DATA EXTRACT section start

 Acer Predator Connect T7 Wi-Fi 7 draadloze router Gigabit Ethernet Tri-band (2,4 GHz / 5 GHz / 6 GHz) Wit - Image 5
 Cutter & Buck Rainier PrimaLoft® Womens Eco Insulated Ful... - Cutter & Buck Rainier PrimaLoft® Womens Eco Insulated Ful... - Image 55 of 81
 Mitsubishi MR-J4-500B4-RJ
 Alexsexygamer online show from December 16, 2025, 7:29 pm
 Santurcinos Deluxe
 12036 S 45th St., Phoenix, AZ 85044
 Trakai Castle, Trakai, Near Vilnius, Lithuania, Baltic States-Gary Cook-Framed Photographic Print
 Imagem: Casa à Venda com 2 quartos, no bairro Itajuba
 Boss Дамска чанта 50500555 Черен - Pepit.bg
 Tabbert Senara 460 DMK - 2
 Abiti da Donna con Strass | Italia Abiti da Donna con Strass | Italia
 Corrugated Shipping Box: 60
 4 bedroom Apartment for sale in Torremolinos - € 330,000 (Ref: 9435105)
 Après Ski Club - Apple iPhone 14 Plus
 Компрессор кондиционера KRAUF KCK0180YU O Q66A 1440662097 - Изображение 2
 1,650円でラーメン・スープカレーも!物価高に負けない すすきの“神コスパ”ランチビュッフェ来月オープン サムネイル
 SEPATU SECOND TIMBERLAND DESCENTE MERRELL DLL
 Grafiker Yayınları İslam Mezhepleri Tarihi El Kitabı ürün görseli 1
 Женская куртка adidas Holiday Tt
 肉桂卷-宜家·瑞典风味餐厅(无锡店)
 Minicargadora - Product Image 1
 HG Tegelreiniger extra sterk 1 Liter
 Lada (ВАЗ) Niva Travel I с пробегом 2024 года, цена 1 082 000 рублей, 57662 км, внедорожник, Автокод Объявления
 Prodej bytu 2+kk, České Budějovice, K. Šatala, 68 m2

DATA EXTRACT section end

▶ _TASK TO COMPLETE_:
All the entries should be written out again precisely.

▶ _EXERCISE ANSWER_:
 Acer Predator Connect T7 Wi-Fi 7 draadloze router Gigabit Ethernet Tri-band (2,4 GHz / 5 GHz / 6 GHz) Wit - Image 5
 Cutter & Buck Rainier PrimaLoft® Womens Eco Insulated Ful... - Cutter & Buck Rainier PrimaLoft® Womens Eco Insulated Ful... - Image 55 of 81
 Mitsubishi MR-J4-500B4-RJ
 Alexsexygamer online show from December 16, 2025, 7:29 pm
 Santurcinos Deluxe
 12036 S 45th St., Phoenix, AZ 85044
 Trakai Castle, Trakai, Near Vilnius, Lithuania, Baltic States-Gary Cook-Framed Photographic Print
 Imagem: Casa à Venda com 2 quartos, no bairro Itajuba
 Boss Дамска чанта 50500555 Черен - Pepit.bg
 Tabbert Senara 460 DMK - 2
 Abiti da Donna con Strass | Italia Abiti da Donna con Strass | Italia
 Corrugated Shipping Box: 60
 4 bedroom Apartment for sale in Torremolinos - € 330,000 (Ref: 9435105)
 Après Ski Club - Apple iPhone 14 Plus
 Компрессор кондиционера KRAUF KCK0180YU O Q66A 1440662097 - Изображение 2
 1,650円でラーメン・スープカレーも!物価高に負けない すすきの“神コスパ”ランチビュッフェ来月オープン サムネイル
 SEPATU SECOND TIMBERLAND DESCENTE MERRELL DLL
 Grafiker Yayınları İslam Mezhepleri Tarihi El Kitabı ürün görseli 1
 Женская куртка adidas Holiday Tt
 肉桂卷-宜家·瑞典风味餐厅(无锡店)
 Minicargadora - Product Image 1
 HG Tegelreiniger extra sterk 1 Liter
 Lada (ВАЗ) Niva Travel I с пробегом 2024 года, цена 1 082 000 рублей, 57662 км, внедорожник, Автокод Объявления
 Prodej bytu 2+kk, České Budějovice, K. Šatala, 68 m2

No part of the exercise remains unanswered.